A rising tide of calls for Mizzou Engineering water expertise
Several public water suppliers struggling to meet tougher federal standards are tapping Mizzou Engineering water quality experts in hopes of finding ways to remove cancer-causing byproducts from their systems.
Mizzou Engineering’s Water Resources Research Center already is working with Columbia and Boonville to discover exactly where and how excess disinfection byproducts (DBPs) that could cause cancer get into their supply systems. Engineering researchers in December started analyzing the Marceline and Trenton public water systems in north central Missouri to lay the foundation for DBP-reducing techniques they hope can be widely employed.

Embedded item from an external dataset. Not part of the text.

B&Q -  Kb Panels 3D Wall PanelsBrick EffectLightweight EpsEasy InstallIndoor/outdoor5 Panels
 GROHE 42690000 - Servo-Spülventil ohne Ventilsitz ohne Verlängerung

“We’d like to take what we learn in Missouri and apply it throughout the country,” said Tom Clevenger, a civil and environmental engineering professor who serves as the MU Water Resources Research Center’s (MWRRC) director. “Even though the water chemistry differs in different areas, the methodologies we develop will be uniform.”
Water supply systems across the nation have reported DBP violations since new Environmental Protection Agency limits started taking effect in December 2001. DBPs are formed when chlorine—widely used to prevent water-borne diseases—reacts with naturally occurring organic materials, such as decaying leaves.
The new EPA standards reduced the allowable level of one type of DBP, trihalomethanes (THMs), while limiting another type of DBP, haloacetic acids, for the first time, said Terry Timmons, a monitoring section chief for the Missouri Department of Natural Resources public drinking water branch. The regulations create a “double-edged sword” for a number of water supply systems, since some tactics for cutting THMs may increase haloacetic acids, Timmons said.
In 2008, 17 of the 1,730 Missouri public water systems regulated for DBPs violated EPA standards, Timmons said.
A growing number of public water suppliers are turning to the MWRRC for help. Marceline and Trenton hired the MWRRC last fall to sample their water at several points in their supply systems, and a contract with Monroe City is in the works, Clevenger said.
Led by Clevenger as well as engineering Research Associate Professor Robert Reed and Assistant Professor Enos Inniss, the MWRRC research teams will analyze the chemical makeup of water within each community’s treatment plant, water storage towers and distribution system throughout the year. Marceline’s analysis will include samples from water distributed by the Chariton-Linn Public Water Supply District No. 3, which the city supplies, Reed said.
The researchers then will test how certain chemicals affect the water samples in order to identify options for complying with EPA guidelines. For example, the MU research teams will examine how different forms of chlorine and activated carbon, which acts as a molecular sponge to soak up certain chemicals, affect the water within these systems, Reed said.
Differences in water chemistry call for customized disinfection processes, the MU researchers said.
“Some things that work for one city won’t work for another city,” Clevenger said.
In Columbia, Inniss said his team has determined through nearly 800 water samples that the city’s excess DBPs stem from the chemical composition of its well water, rather than from its treatment process or distribution system. That finding will kick off a series of tests to explore how Columbia’s water reacts with different purifying or treatment enhancing chemicals, Inniss said.
“We’ve essentially confirmed with this quarter’s analyses that there needs to be a change in the treatment process,” he said.
Inniss said his research team will continue sampling Columbia’s water at each treatment stage through next June. The year-round profile of Columbia’s water system will help city officials settle on the best methods for reducing THM levels, he said.
The MWRRC has helped the City of Boonville reduce the level of THMs in its drinking water over the last two years by analyzing changes in DBP levels before and after the city modifies its treatment processes.